Alors qu’elle devait statuer, hier, sur le recours en annulation du juge Ngor Diop, la Cour suprême a fait faux bond aux avocats. En effet, la Chambre administrative a retiré le dossier de son rôle. Motif évoqué : il y a une pièce du dossier visé dans l’acte de nomination que devait produire l’agent judiciaire de l’Etat et qui n’a pas été versé dans son dossier. Du coup, le président a fait savoir aux conseils du requérant qu’il va adresser une lettre pour demander la production du dossier. Selon la Chambre administrative, elle veut juste être exhaustive et donc prendre tout en compte. Du coup, une lettre sera adressée à l’agent judiciaire de l’Etat par le président de la Chambre, pour lui demander de produire la pièce. Un fait tout à fait inédit pour ne pas dire un coup de théâtre.
 
L’agent judiciaire de l’Etat… absent
 
 
La question principale est de savoir pourquoi la Chambre n’a pas seulement ordonné le renvoi à une autre date ou au moins un renvoi sine die au lieu de retirer tout bonnement le dossier du rôle ? Ce, surtout que l’agent judiciaire de l’Etat n’était même pas présent à l’audience. L’autre interrogation est de savoir si la Chambre allait avoir le mêmecomportement si c’était la partie requérante qui avait omis de joindre le dossier.
 
 
 
Les avocats de Ngor Diop choqués
 
 
Dans le camp du magistrat Ngor Diop, on est tout simplement dépité. Selon un conseil du juge, la Chambre est coincée parce que le recours est bien argumenté et elle ne veut pas annuler le décret pour créer une jurisprudence et mettre mal à l’aise l’autorité suprême. En clair, le dossier ne sera plus jamais enrôlé, selon lui. «En fait, le dossier est une patate chaude pour la Cour suprême qui ne sait pas quoi faire ; voilà pourquoi ils n’ont même pas renvoyé sine die ou renvoyé à une autre date. Cela aurait des conséquences graves pour l’Etat s’ils annulaient le décret, parce que plus jamais l’Etat ne pourrait user de consultation comme ils ont l’habitude d’en user et d’en abuser en évoquant la nécessité de service ; également, cela va carrément révolutionner le fonctionnement du Conseil supérieur de la magistrature», peste la robe noire.

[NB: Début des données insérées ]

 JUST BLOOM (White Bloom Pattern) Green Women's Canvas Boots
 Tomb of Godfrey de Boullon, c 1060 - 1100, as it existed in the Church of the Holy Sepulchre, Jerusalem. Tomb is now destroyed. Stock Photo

En fait de pièce manquante, il s’agit de «l’avis conforme du Conseil supérieur de la magistrature». «Ils savent que cet avis n’existe pas et même s’il existait, l’Etat n’allait jamais le produire. C’est tout simplement une échappatoire qu’ils cherchent, sinon, ils pouvaient renvoyer et non retirer le dossier», fulmine encore l’avocat.
Faut-il le souligner, le retrait de l’affaire du rôle signifie que le dossier va être remis au Parquet général qui décidera de l’enrôlement à la date qui lui conviendra. Pour notre interlocuteur, si c’était la partie requérante qui avait omis d’introduire une pièce dans son dossier, la Chambre allait directement «en tirer les conséquences», statuer immédiatement et «rejeter le dossier».
Rappelons que Ngor Diop avait déposé un recours pour excès de pouvoir après qu’il a été affecté à Thiès par consultation sur place. Ce, simplement parce qu’il a refusé d’obtempérer à l’instruction de la chancellerie de libérer un guide religieux.